For too long, lawmakers have been willing to keep over-broad, outdated Authorizations for Use of Military Force (AUMFs) on the books, allowing the president and military leaders to send troops all around the world on open-ended missions with little connection to our core security interests—all without new votes by Congress.

This is not the role Congress is supposed to play in military engagement. Rather, our lawmakers should be debating and voting on matters of war, keeping our troops out of unnecessary harm, and better managing defense spending so our military is strong and ready for whatever comes our way.

This year, we’ll also focus our attention on bringing all remaining troops home from Iraq and Syria, repealing the 2001 and 2002 AUMFs, setting a better course for military engagement moving forward, and gaining better control of the defense budget.

Further, before we spend and insert ourselves into Russia’s war with Ukraine, we’ll call for lawmakers to provide more oversight of the taxpayer dollars going to Ukraine, to avoid excessive involvement in wars that don’t affect our vital interests, and to ensure our alliance relationships with other nations help advance U.S. interests.

I have a vested interest in all these issues as someone who answered the call to serve in the U.S. Air Force.
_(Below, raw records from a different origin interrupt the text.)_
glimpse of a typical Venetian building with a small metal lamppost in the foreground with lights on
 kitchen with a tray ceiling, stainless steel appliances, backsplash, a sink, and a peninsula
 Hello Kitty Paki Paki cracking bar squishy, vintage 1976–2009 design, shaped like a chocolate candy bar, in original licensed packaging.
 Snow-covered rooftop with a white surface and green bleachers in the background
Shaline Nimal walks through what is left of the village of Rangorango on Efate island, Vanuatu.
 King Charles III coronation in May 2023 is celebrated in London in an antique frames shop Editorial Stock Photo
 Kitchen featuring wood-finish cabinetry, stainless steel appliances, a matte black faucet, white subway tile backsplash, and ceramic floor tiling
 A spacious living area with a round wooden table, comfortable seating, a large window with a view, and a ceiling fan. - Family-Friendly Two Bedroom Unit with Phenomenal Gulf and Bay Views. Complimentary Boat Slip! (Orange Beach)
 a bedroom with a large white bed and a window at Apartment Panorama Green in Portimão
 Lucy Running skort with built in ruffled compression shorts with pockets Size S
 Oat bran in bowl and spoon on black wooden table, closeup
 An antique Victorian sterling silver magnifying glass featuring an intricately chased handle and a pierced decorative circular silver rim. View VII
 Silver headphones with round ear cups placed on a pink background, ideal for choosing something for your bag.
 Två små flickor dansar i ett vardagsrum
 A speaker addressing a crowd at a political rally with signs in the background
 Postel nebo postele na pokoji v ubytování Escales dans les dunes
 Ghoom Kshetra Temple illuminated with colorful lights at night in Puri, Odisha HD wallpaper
But I’m also the proud father of a veteran who served multiple combat tours. Putting my own skin in the game was one thing, but watching my son join, deploy, and risk his life has driven me to want change even more.

I am just one of millions of veterans and military parents who hope and pray that our forever wars will finally end, our troops will be kept out of unnecessary conflict, and our men and women are properly cared for when they come home.

These are the goals we will be striving for in 2023, and we expect lawmakers to take them on with the same passion.

Russ Duerstine is executive director of Concerned Veterans for America, an Air Force veteran, and a military parent.